Whitehall backed more than 11,000 house purchases through the programme in the three months to the end of June, up from the 7,321 supported in the scheme’s first six months of operation, according to figures from the Treasury.

Nearly 19,000 home purchases have now been supported since the guarantees were launched last October - 2 per cent of all residential transactions across the UK during the period, reports the FT’s Kate Allen.

The purchases take the total value of mortgage lending supported to £2.7bn, through £388m-worth of guarantees.

Nearly half of all home purchases were worth under £125,000 and buyers have been particularly concentrated in Scotland, Wales, the north west and east of England. Four in five purchasers were first time buyers.

Some politicians and economists have voiced concerns that the guarantees are creating a false floor in house prices in local housing markets where prices were previously falling. Since the scheme launched prices in Scotland, Wales and northern England have all begun to grow more strongly.
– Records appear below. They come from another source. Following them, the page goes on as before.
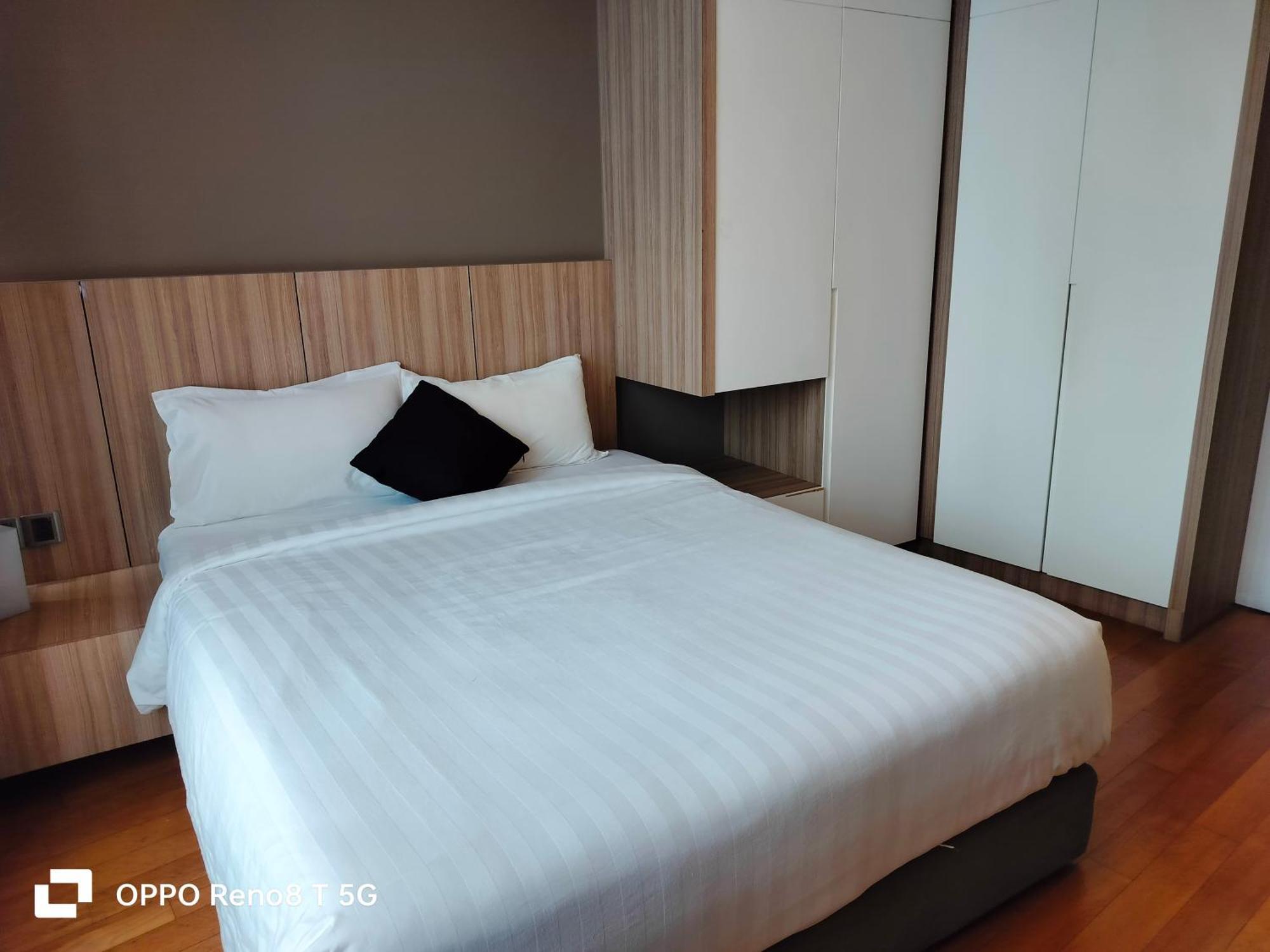 Vortex Suites Near By Klcc Kuala Lumpur Room photo
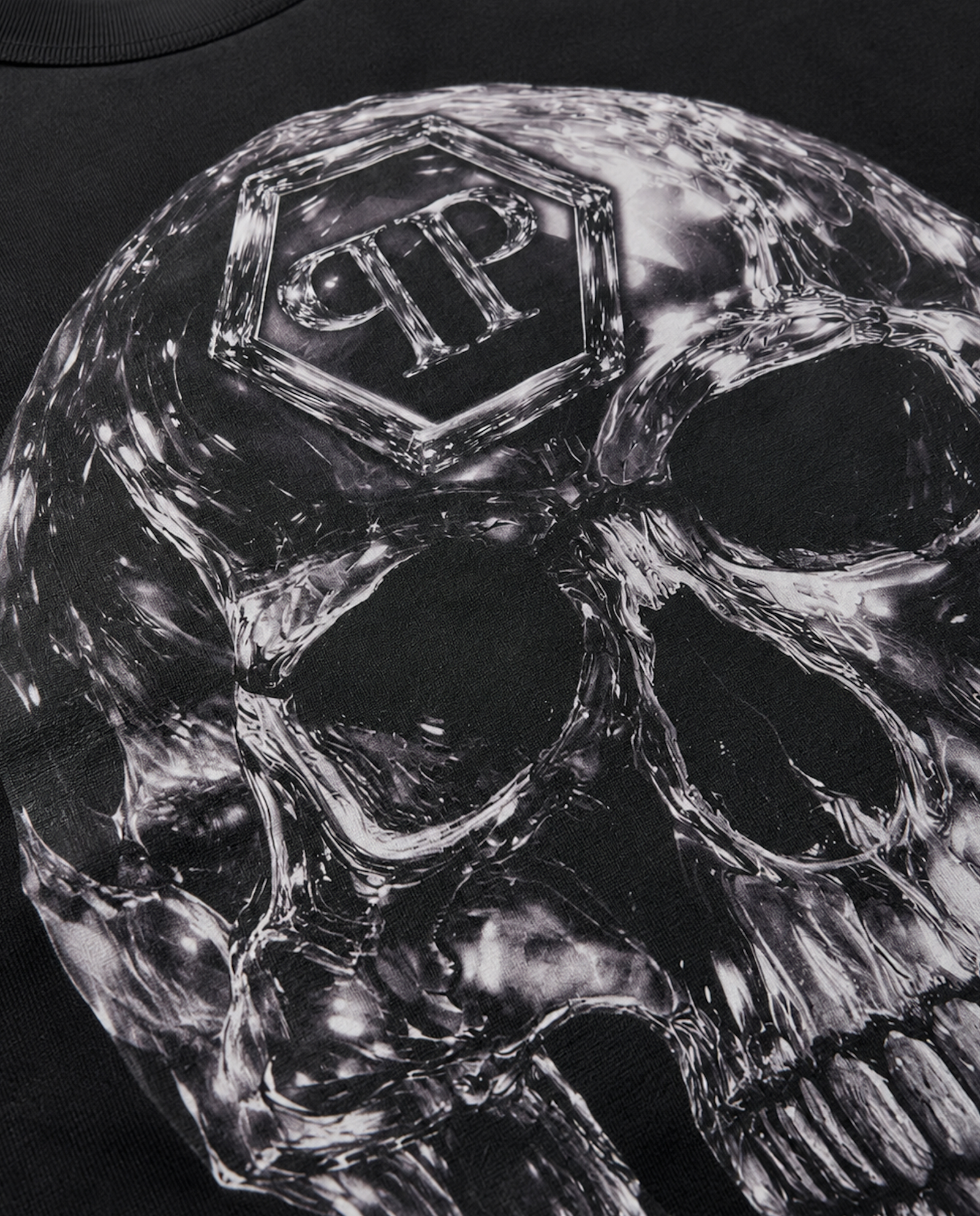 Czarny t-shirt z motywem czaszki - Image #4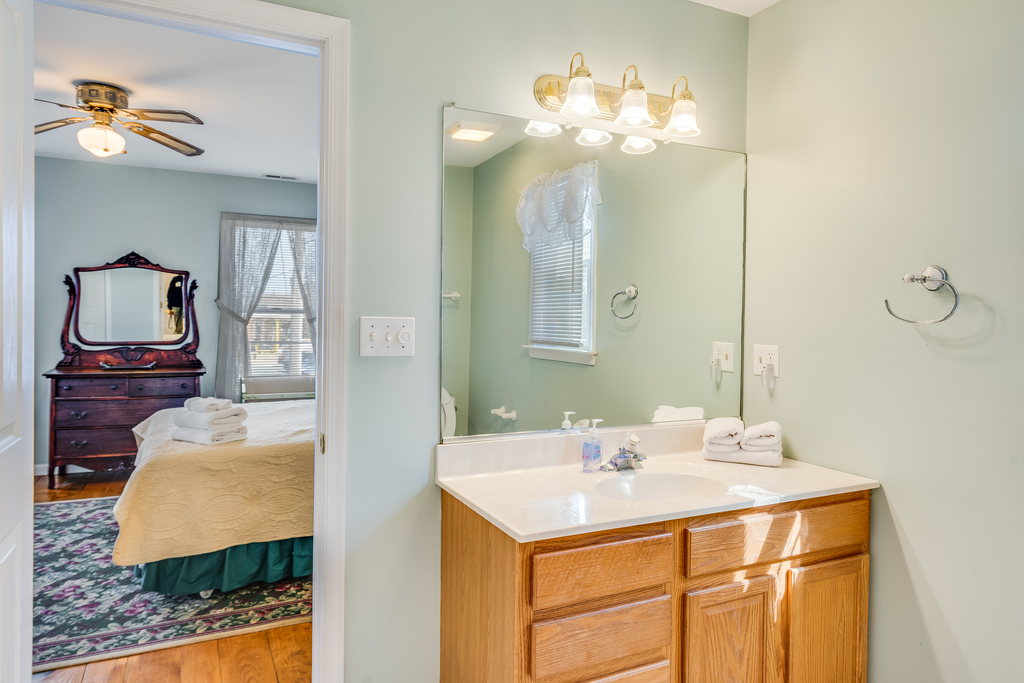 Private Master Bath.....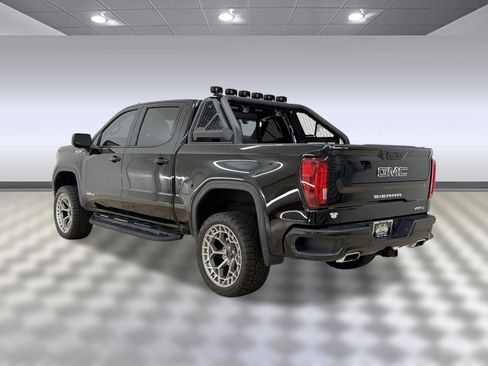 Used 2024 GMC Sierra 1500 AT4 w/ Technology Package AWD/4WD image 3
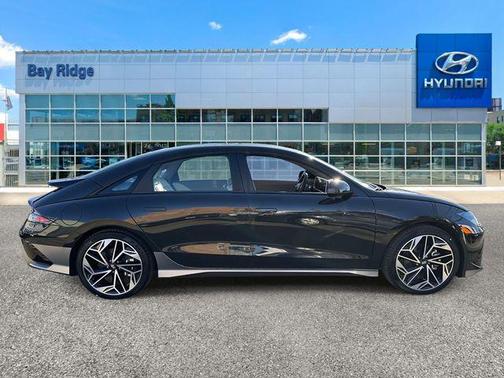 2023 Hyundai IONIQ 6 SEL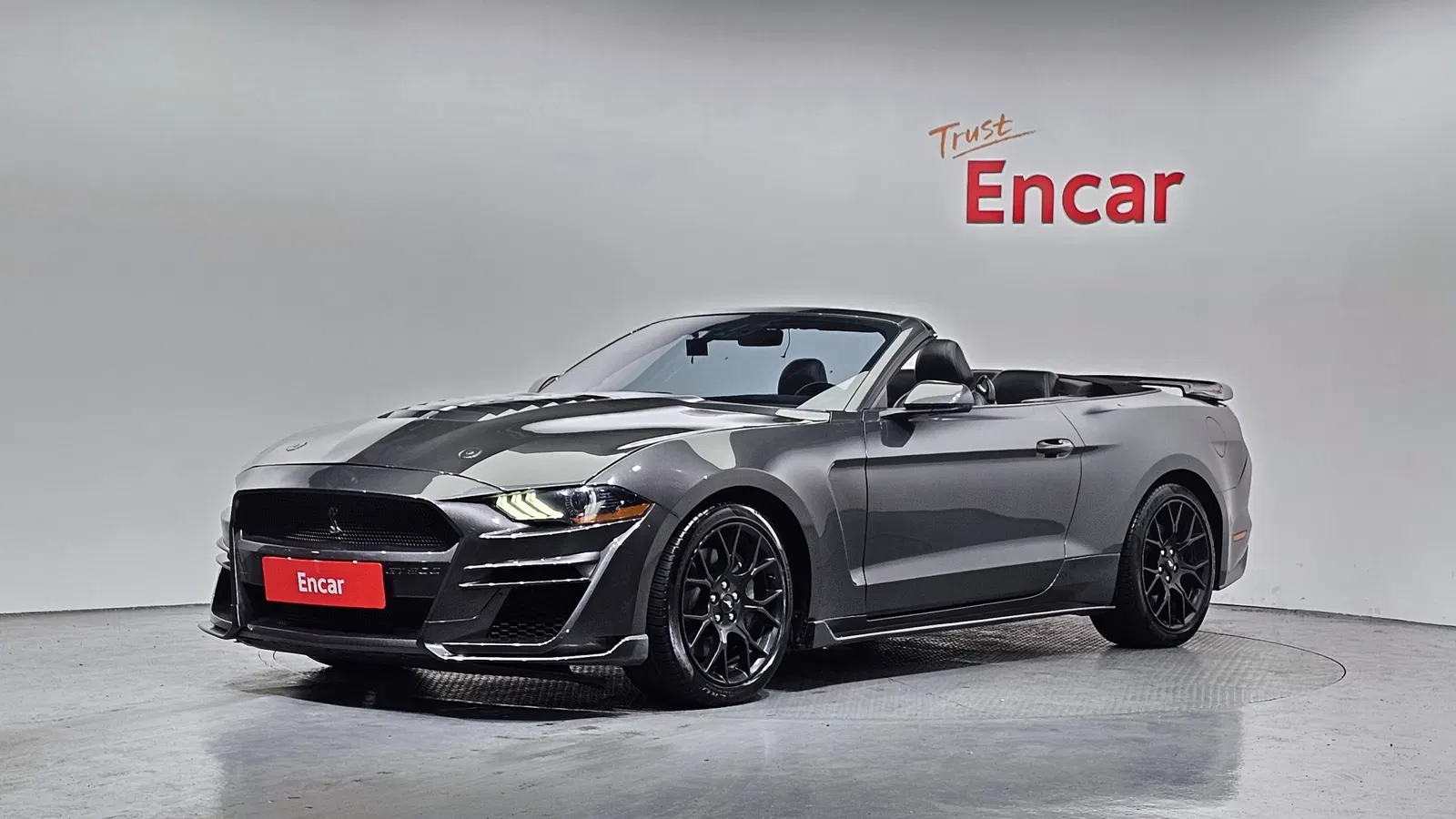 Ford Mustang Convertible 2020 — photo 1 sur 20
Take-up in the regions with the most expensive homes - London and the south east - has by contrast been muted. The guarantee is only available for homes worth under £600,000; 57 buyers have so far used the scheme to purchase homes worth above £500,000.

Two-thirds of buyers had a household income of under £50,000, with 650 households using the guarantees with an income of under £20,000. 833 households had an income of over £100,000.